伊勢原市で生まれた「日向石硝子」が、持続可能な社会の実現に貢献する優れた製品やサービスを表彰する「ソーシャルプロダクツ・アワード2025」でソーシャルプロダクツ賞を受賞した。日向石硝子は、伊勢原市で日向石を現代に活かし、再び生活に取り入れてもらうために活動する民間団体「Sunny─on」が推進する取り組み。
日向石は、伊勢原市日向で採掘される凝灰岩。江戸時代から石材として広く用いられ、石工産業が栄えてきたが、安価な良質石材が他から入手できるようになったため、1970年代に採掘が終了した。「Sunny─on」は、かつて地域を支えた日向石産業の復活と地域活性化を目指し、小山建築設計事務所の一級建築士・荻野貴文さんと、上粕屋に本社・工場を置く成瀬石材店の代表取締役・成瀬善之さんがタッグを組み結成した。
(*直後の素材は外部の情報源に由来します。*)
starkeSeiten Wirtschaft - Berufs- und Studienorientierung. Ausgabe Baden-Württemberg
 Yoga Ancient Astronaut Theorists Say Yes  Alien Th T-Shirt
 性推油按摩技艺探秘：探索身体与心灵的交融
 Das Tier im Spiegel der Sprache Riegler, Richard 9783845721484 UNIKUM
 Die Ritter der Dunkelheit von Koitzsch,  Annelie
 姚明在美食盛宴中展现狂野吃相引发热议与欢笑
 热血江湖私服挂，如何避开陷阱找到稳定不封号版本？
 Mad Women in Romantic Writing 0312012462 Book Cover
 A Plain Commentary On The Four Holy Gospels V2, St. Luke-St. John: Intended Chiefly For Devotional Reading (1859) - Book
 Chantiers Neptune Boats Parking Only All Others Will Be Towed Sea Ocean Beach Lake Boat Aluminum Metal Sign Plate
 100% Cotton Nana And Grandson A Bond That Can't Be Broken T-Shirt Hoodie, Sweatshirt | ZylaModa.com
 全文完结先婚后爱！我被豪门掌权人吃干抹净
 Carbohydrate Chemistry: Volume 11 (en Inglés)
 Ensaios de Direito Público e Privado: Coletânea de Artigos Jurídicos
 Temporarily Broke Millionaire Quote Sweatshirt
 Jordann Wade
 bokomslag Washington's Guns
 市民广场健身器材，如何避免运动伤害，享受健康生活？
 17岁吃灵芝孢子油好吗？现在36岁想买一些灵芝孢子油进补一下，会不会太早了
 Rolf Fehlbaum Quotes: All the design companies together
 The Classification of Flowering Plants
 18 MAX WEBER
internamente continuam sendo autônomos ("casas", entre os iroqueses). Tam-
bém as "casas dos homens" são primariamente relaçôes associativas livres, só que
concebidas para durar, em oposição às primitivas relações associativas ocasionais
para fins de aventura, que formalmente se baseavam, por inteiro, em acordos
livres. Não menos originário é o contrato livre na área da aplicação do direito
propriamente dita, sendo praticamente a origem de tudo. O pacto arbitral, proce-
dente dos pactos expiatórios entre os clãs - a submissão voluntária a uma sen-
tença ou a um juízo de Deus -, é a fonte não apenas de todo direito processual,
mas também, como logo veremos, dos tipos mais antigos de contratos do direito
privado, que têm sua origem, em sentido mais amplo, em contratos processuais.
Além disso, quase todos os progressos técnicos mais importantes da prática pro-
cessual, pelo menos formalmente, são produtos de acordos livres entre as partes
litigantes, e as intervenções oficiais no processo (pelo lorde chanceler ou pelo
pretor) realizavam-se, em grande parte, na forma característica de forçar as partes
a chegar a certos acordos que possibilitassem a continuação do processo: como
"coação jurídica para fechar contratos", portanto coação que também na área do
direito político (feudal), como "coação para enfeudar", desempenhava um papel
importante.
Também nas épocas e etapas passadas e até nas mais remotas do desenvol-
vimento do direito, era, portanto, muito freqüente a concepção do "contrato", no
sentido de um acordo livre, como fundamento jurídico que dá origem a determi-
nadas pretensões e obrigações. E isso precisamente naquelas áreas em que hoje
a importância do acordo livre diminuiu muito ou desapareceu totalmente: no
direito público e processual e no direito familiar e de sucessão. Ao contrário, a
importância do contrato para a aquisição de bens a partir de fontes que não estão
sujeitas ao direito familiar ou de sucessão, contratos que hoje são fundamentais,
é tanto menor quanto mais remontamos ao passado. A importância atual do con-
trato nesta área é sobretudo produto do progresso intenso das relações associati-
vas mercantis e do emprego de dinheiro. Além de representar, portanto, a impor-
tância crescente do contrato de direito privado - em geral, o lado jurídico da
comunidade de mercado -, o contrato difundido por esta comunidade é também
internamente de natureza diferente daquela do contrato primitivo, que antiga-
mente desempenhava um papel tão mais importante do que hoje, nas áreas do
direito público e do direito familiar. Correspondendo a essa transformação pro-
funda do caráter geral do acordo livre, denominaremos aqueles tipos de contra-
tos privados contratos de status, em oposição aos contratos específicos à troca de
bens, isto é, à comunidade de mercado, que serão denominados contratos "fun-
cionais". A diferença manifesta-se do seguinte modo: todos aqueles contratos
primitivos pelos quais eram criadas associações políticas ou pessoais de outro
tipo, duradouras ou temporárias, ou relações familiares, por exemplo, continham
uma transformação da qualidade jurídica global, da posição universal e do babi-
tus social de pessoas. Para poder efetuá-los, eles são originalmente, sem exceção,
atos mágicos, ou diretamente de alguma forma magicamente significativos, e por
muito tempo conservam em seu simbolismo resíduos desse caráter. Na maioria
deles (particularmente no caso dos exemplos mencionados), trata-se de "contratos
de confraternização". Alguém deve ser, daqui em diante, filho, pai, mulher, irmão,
市内の石切場を訪れ、現代に合うようにコースターや箸置きなどの製品化に取り組んできた。そんな中、既存石材の再活用に着目し、これまで廃棄されていた石材加工の粉末をガラス原料にするアイデアを思いついた。厚木グラススタジオ(厚木市)の協力を得て、天然発色に輝く独自の製法を確立した。
大山に由来したグラスデザイン
初期段階で様々な製品を試作し、購入者の意見を取り入れてグラスを正式商品とした。日向石特有の発色と使いやすさの両立を目指し、原料配合を調整。グラスのデザインは、伊勢原市のシンボルである大山(雨降山)に由来し、雨粒をイメージした曲線と気泡にこだわった。飲み物の香りを楽しめる機能性と、手作業による唯一無二のデザイン、持ちやすさも考慮されている。
ソーシャルプロダクツ・アワードの審査では、「伝統を尊重しつつ現代に適応させる工夫がなされている点が評価できる。地域のつながりを重視し、共感者を増やしながらプロジェクトを実現している点も素晴らしい」と評価された。受賞に対し、荻野さんは「文化や環境を大切にしながら新たな価値を生み出す挑戦を評価してもらえた」と話し、成瀬さんは「少しでも多くの方が、伊勢原という歴史あるマチを知っていただくきっかけになれば」と喜びを語った。今後、商品展開と販路拡大を目指し、活動を続けていくという。